From: Dan Smith <dsmith@danplanet.com>
To: Thomas Osterried <thomas@x-berg.in-berlin.de>
Cc: ralf@linux-mips.org, linux-hams@vger.kernel.org
Subject: Re: [PATCH] Make mkiss link its ptys in a predictable manner
Date: Sun, 26 Sep 2010 15:50:46 -0700 [thread overview]
Message-ID: <4C9FCE46.8090900@danplanet.com> (raw)
In-Reply-To: <20100926222456.GA31242@x-berg.in-berlin.de>
Hi Thomas,
> Personaly, I don't believe it's good to hardcode every eventuality
> in C. We're working on unix systems and value our powerful scripting
> languages.
I understand, but in an embedded environment, having to parse output
like what mkiss provides seems rather silly to me and we may not have
all the same scripting facilities as a normal machine. If spawning
mkiss from a C program, having to parse the output (especially
multi-line output) is gross.
Would you accept a patch to make mkiss output only the names of the
slaves if passed an option, such as --short?

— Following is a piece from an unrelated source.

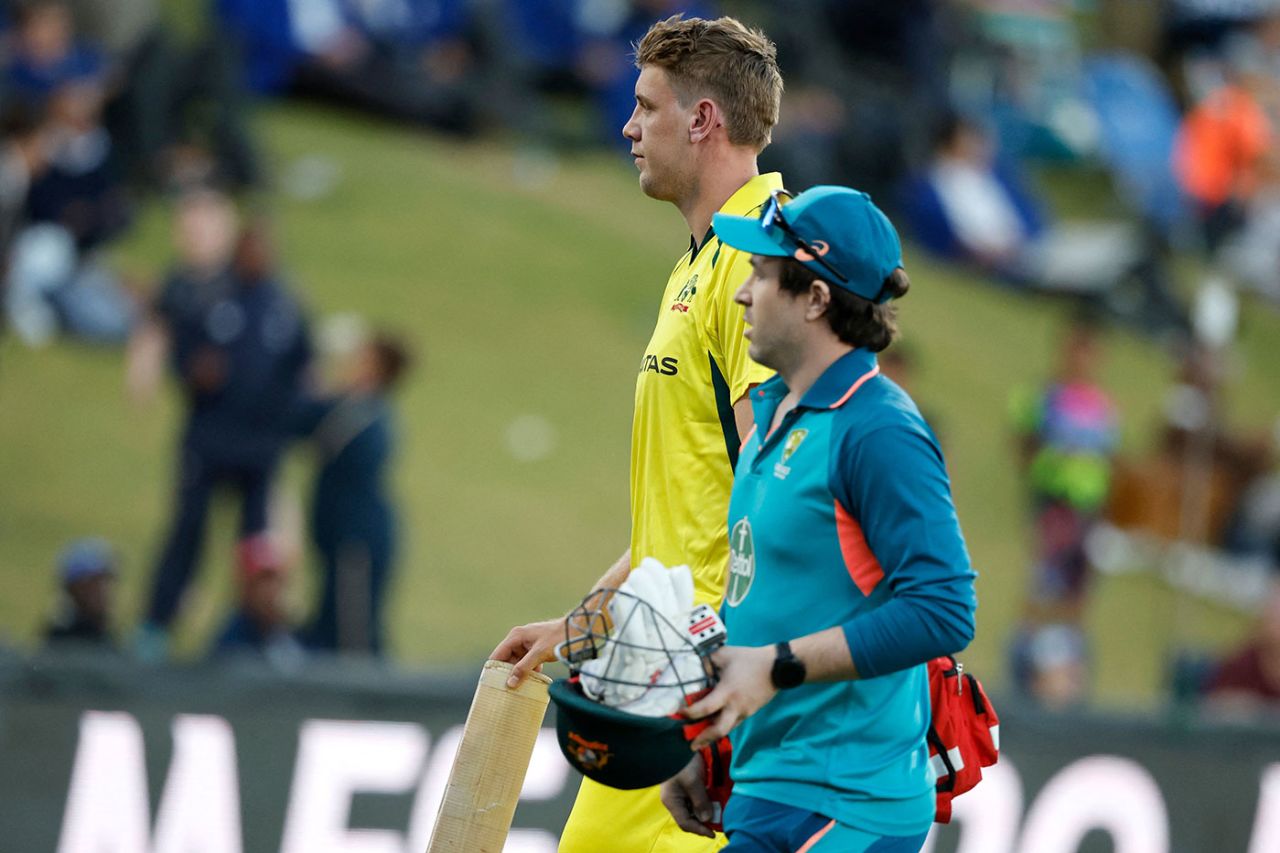 Cameron Green walks off with the physio, South Africa vs Australia, 1st ODI, Bloemfontein, September 7, 2023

> Imho, your approach has some foibles. 1. mkiss is a kiss multiplexer
> in userspace. It does not even need to be run under root rights. By
> symlinking to /dev/, users of your new feature need mkiss to run as
> root.
Fair enough, although only supporting -L if running as root (or writing
the links elsewhere) seems plenty reasonable to me. What about a patch
that makes -L take a directory in which to write the links?

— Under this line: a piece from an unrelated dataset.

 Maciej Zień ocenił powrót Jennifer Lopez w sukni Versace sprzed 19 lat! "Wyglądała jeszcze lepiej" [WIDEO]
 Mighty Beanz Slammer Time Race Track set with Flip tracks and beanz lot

> 2. mkiss could not only be used on true tty's but also on pseudo
> pty's. Modern linuxes prefer unix98 ptys. Unix98-pty's are allocated
> automaticaly via /dev/ptmx. Imagine you'd try to use two mkiss
> instances, both called with /dev/ptmx as argument and -L as option.
> Here the concept completely fails. Apart from this, it's not
> permitted to create files in /dev/pts/.

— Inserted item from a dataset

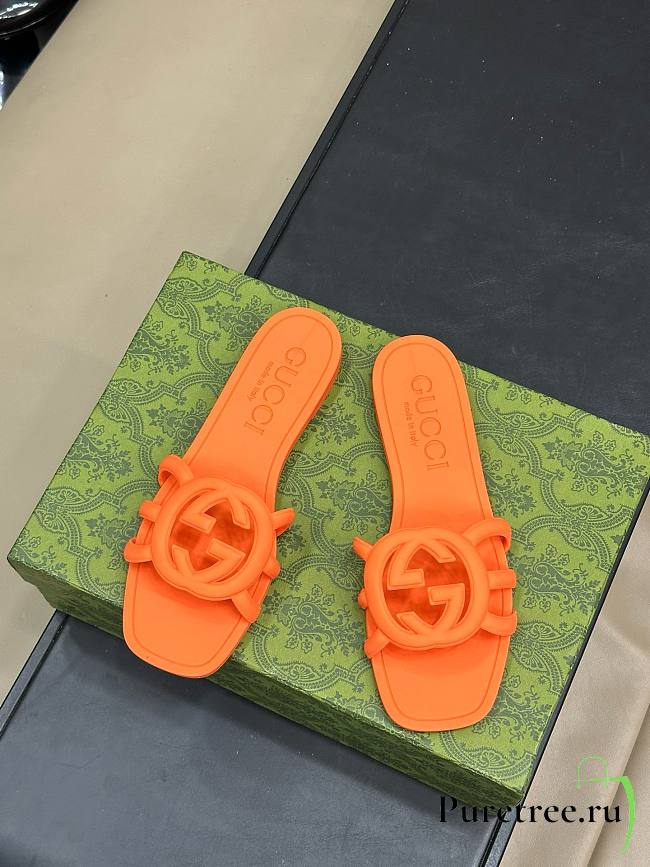 GUCCI | Women Interlocking Sandals Orange Color - 1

Does anyone do this? Regardless, many programs have options and usage
scenarios that are mutually exclusive.
> Since linux changes so fast, it might be only a matter of time it
> could be decided that direct operation to /dev/ may not be permitted
> anymore.
I think that's rather unlikely given the move from devfs to udev, and
there are other examples that fit this model (syslogd, lircd, etc).
Again, since -L is just an optional behavior, it's not like mkiss would
break entirely if such a change were to be made.
> Your feature could be easily implemented as one-liner in a startup
> script (s/echo// - it's an example):
>
> # cd /dev; M=/dev/ptyr9; PTYS=$(mkiss $M /dev/ptmx /dev/ptmx |tail
> -1); n=0; for p in $PTYS; do echo ln -fs $p /dev/ptyr9.$n;
> n=$(($n+1)); done ln -fs /dev/pts/21 /dev/ptyr9.0 ln -fs /dev/pts/22
> /dev/ptyr9.1 #
Well, note that in the above case, you don't catch an error code if
mkiss fails to start. I can screen-scrape with the best of them too,
but I really don't think it's a better solution in this case.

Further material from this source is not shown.